▸ **WHAT IS REQUIRED**: Only one stretch of the data is wanted: the line containing "The Great Divide", the line containing "Woman sitting on", and every line between them, copied exactly.

▸ **DATASET RECORDS**:
__________
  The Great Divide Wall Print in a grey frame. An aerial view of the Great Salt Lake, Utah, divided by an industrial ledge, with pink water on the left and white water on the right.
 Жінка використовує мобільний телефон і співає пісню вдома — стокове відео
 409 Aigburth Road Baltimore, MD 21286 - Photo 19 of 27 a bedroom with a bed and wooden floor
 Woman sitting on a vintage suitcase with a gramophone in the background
__________
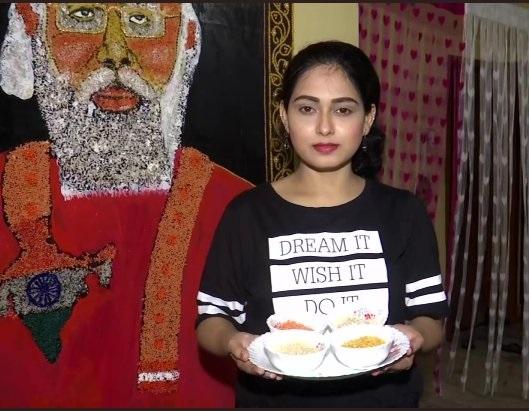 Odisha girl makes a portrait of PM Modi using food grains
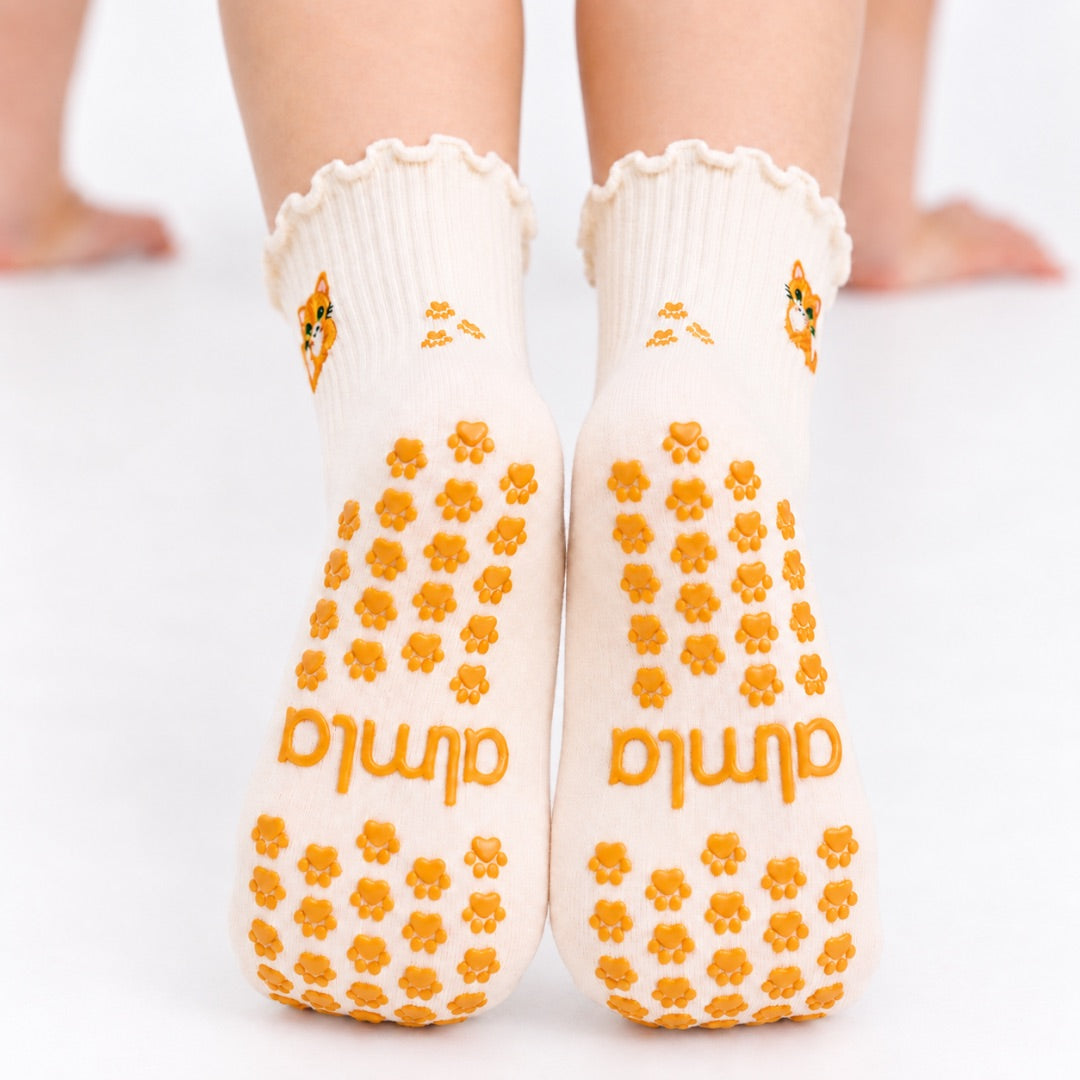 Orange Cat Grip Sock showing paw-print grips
__________
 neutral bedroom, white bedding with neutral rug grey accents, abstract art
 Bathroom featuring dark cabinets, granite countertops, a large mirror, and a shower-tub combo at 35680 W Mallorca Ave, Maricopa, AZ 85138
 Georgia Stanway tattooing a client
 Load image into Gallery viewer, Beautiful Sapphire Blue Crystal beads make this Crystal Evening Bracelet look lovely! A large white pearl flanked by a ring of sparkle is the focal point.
__________
▸ **EXERCISE ANSWER**:
  The Great Divide Wall Print in a grey frame. An aerial view of the Great Salt Lake, Utah, divided by an industrial ledge, with pink water on the left and white water on the right.
 Жінка використовує мобільний телефон і співає пісню вдома — стокове відео
 409 Aigburth Road Baltimore, MD 21286 - Photo 19 of 27 a bedroom with a bed and wooden floor
 Woman sitting on a vintage suitcase with a gramophone in the background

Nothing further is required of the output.